_Source data_

== Segment start ==

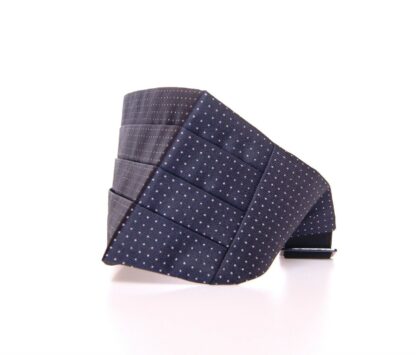 Dolce & Gabbana - Elegant Silk Polka Dot Cummerbund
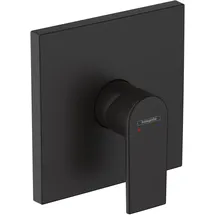 Hansgrohe Vernis Shape Einhebel-Duscharmatur Unterputz für 1 Verbraucher Schwarz Matt 71668670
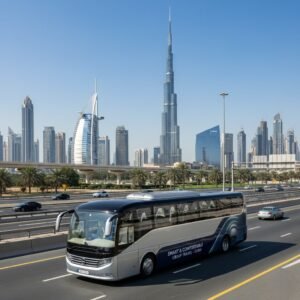 Read more about the article Why Choosing a Bus Rental Service Is a Smart Move in Dubai?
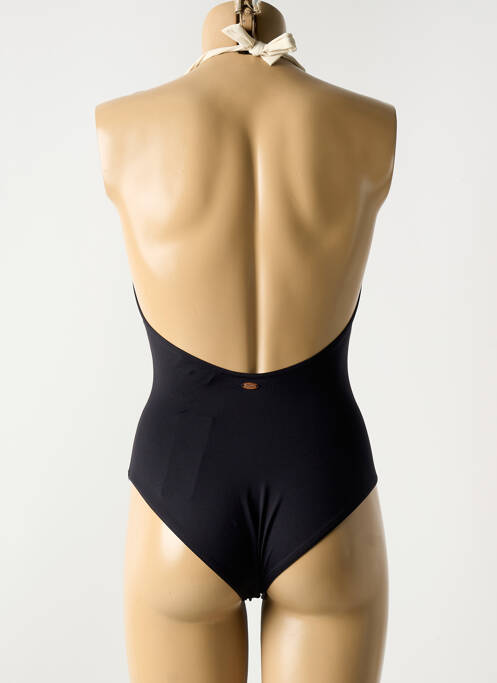 Maillot de bain 1 pièce noir BLUELOBSTER pour femme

== Segment end ==

All of the material above should be copied exactly, minus the pictures.

_Reply_
 Dolce & Gabbana - Elegant Silk Polka Dot Cummerbund
 Hansgrohe Vernis Shape Einhebel-Duscharmatur Unterputz für 1 Verbraucher Schwarz Matt 71668670
 Read more about the article Why Choosing a Bus Rental Service Is a Smart Move in Dubai?
 Maillot de bain 1 pièce noir BLUELOBSTER pour femme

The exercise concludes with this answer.